Comme dit fort bien monsieur, les précautions sont toujours utiles en affaires : chacun prend les siennes.

le capitaine, cherchant des yeux.

Mais où donc est-il ?

le baron.

Qui ?

le capitaine.

Votre fils.

le baron.

Mon fils ? Qui le sait ?

madame murer.

À quoi tend cette question, monsieur ?

le capitaine.

N’est-ce pas son affaire qui vous attire tous à Londres ?

le baron.

Pas un mot de cela : un maudit procès dont je ne sais autre chose, sinon que j’ai raison… Mais connaîtrais-tu déjà l’aventure de mon fils ?

le capitaine.

C’est une misère, une vétille, moins que rien.

le baron.

Sans doute : il n’y a que la subordination…

madame murer, sèchement.

J’admire comment monsieur a le don de tout deviner : nous en recevons la première nouvelle à l’instant.

le capitaine.

Moi, je l’ai vu, madame.

eugénie.

Mon frère ?

le capitaine.

Oui, mademoiselle.

le baron.

Où ? quand ? comment ?

le capitaine.

Au parc, avant-hier, sur la brune.

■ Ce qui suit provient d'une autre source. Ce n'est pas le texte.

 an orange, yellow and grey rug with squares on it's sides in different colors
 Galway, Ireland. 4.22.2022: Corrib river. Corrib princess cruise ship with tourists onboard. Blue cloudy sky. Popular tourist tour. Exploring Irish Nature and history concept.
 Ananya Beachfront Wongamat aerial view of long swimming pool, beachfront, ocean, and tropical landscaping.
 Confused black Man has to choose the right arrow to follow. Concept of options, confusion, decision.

Sir Charles est ici secrètement depuis cinq jours ; il ne sort que le soir, parce qu’il s’est battu contre son colonel : il fit appeler le chevalier Campley. N’est-ce pas cela ?

madame murer.

Nous n’en savons pas tant.

eugénie.

Où pourrons-nous le trouver, monsieur ?

le baron.

En quel lieu loge-t-il ?

le capitaine.

Ma foi, je n’en sais rien ; mais je lui ai fait promettre de me venir voir. J’arrangerai son affaire : j’ai quelque crédit, comme vous savez.

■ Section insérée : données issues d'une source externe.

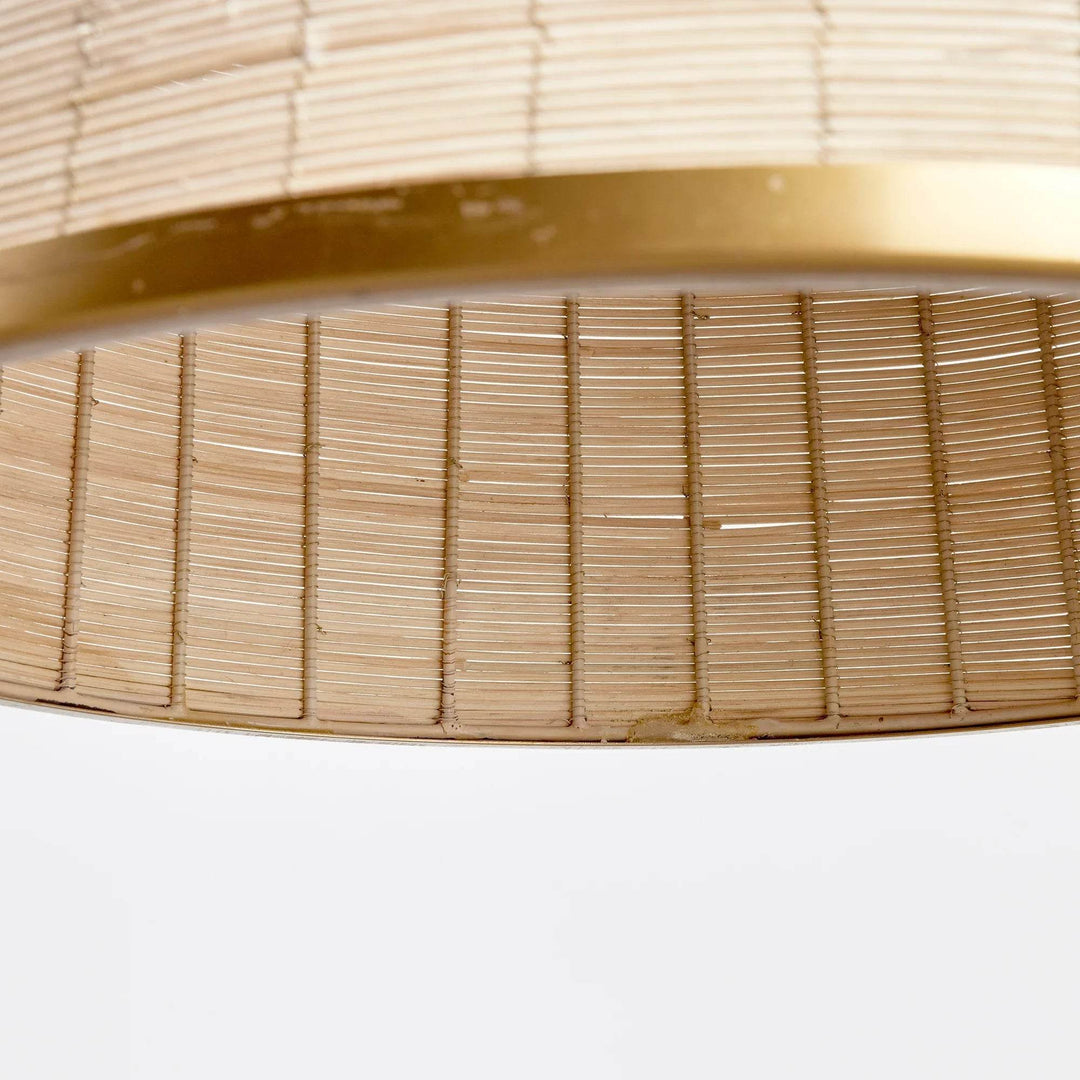 Woven in a natural cane rattan, with subtle variations in color making each one truly unique, this pendant is an instant classic. The brass details on the top and along the bottom rim make it decidedly more refined. And talk about scale! A show-stopping choice for kitchen island, entry foyer or hallway.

madame murer, dédaigneusement.

La seule chose dont nous ayons besoin est justement celle que monsieur ignore.

le capitaine.

Mais, madame, je n’ai pas pu le prendre à la gorge pour lui faire déclarer sa demeure ; et en lisant tout à l’heure le billet du baron, je croyais de bonne foi le rencontrer ici.

madame murer.

Cela est d’autant plus malheureux, que, dans le besoin où il est d’un protecteur, nous en avons un qui peut beaucoup auprès du ministre.

le capitaine.

Oh ! ce pays-ci est tout plein de gens qui font profession de pouvoir plus qu’ils ne peuvent réellement. Quel est-il ? Je vous dirai bientôt…

madame murer, dédaigneusement.

Ce n’est que le comte de Clarendon.

le capitaine.

Le neveu de milord duc ?

madame murer.

Pas davantage.

le capitaine.

Je le crois. Son oncle l’idolâtre : il est fort de mes amis. Je me charge, si vous voulez…

madame murer, d’un air vain.

Il me fait aussi l’honneur d’être un peu des miens.

le baron.

C’est lui qui nous loge.

le capitaine.

Vous avez raison. Je regardais en entrant… Mais ce valet a détourné mon attention… Eh parbleu ! c’est un homme à lui. Je disais bien… Je reconnais tout ceci. Nous avons fait quelquefois de jolis soupers dans ce salon : c’est, comme il l’appelle à la française, sa petite maison.

madame murer, fièrement.

Petite maison, monsieur ?

le baron.

Eh ! petite ou grande, faut-il disputer sur un mot ? Il suffit qu’il nous la prête… Il était ici il n’y a pas une heure.

le capitaine.

Aujourd’hui ? Je l’aurais parié à Windsor.

le baron.

Il en arrivait.

le capitaine.

C’est ma foi vrai. J’oubliais que le mariage se fait à Londres.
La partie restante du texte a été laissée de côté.